» **MATERIAL FOR THIS TASK**:
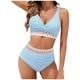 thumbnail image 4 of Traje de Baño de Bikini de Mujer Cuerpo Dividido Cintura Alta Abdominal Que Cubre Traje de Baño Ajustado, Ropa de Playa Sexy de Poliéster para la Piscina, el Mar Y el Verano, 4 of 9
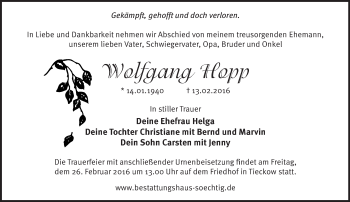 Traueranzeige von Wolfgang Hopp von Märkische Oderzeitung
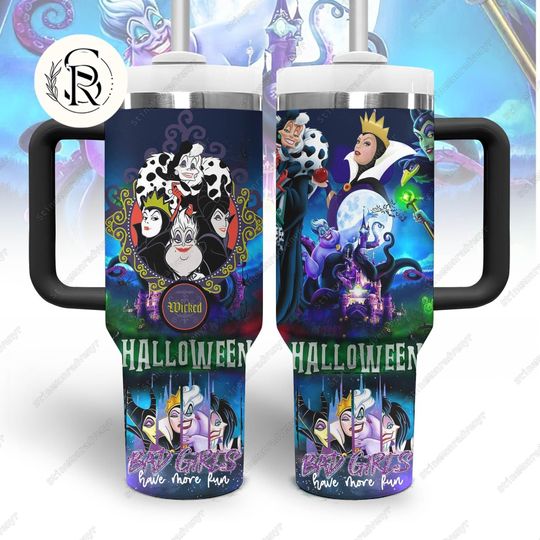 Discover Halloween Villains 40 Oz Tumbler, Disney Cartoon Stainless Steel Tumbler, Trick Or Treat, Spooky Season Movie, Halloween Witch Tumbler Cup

* * *

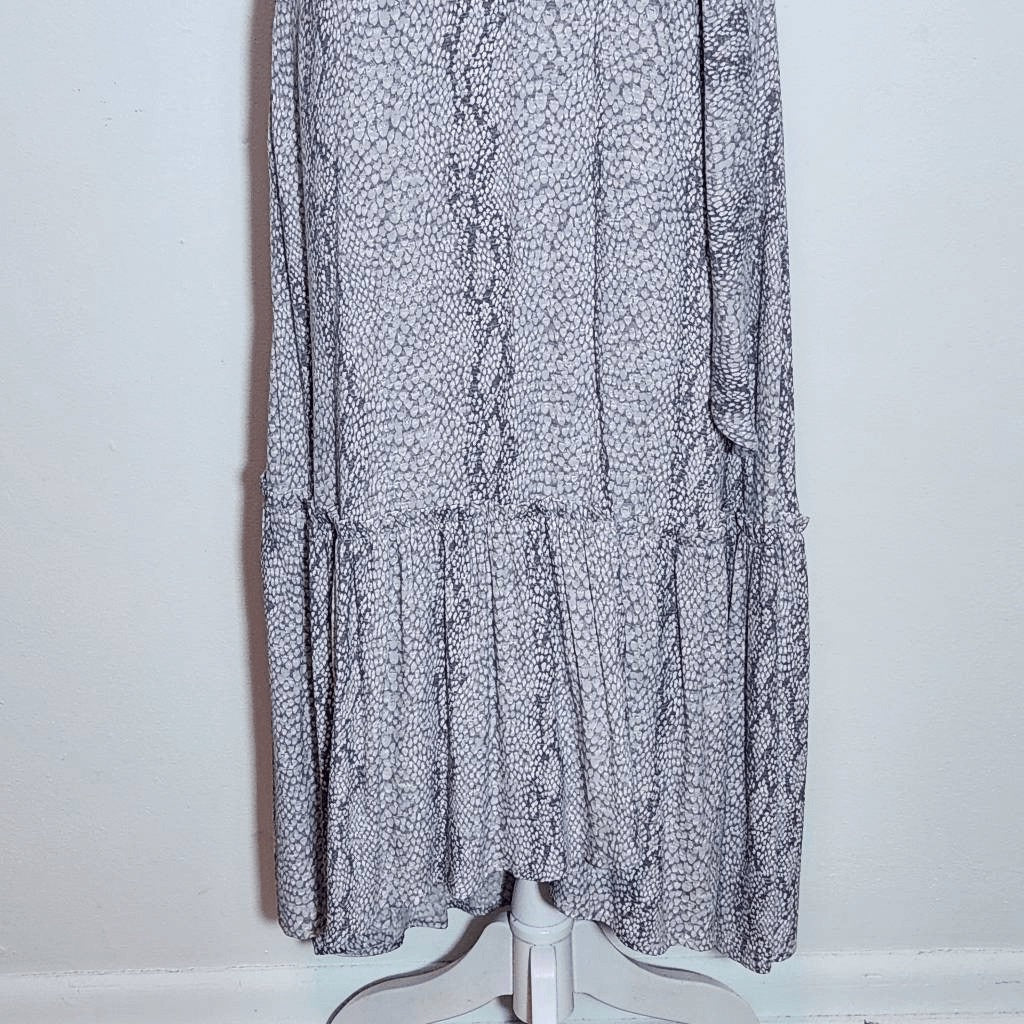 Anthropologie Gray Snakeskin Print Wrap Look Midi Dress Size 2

» **EXERCISE DETAILS**: Everything from the line with "thumbnail image 4" down to the line with "Traueranzeige von Wolfgang" in the data above should be copied exactly, with both end lines kept and the pictures left out.

» **ANSWER FOR THIS EXERCISE**:
 thumbnail image 4 of Traje de Baño de Bikini de Mujer Cuerpo Dividido Cintura Alta Abdominal Que Cubre Traje de Baño Ajustado, Ropa de Playa Sexy de Poliéster para la Piscina, el Mar Y el Verano, 4 of 9
 Traueranzeige von Wolfgang Hopp von Märkische Oderzeitung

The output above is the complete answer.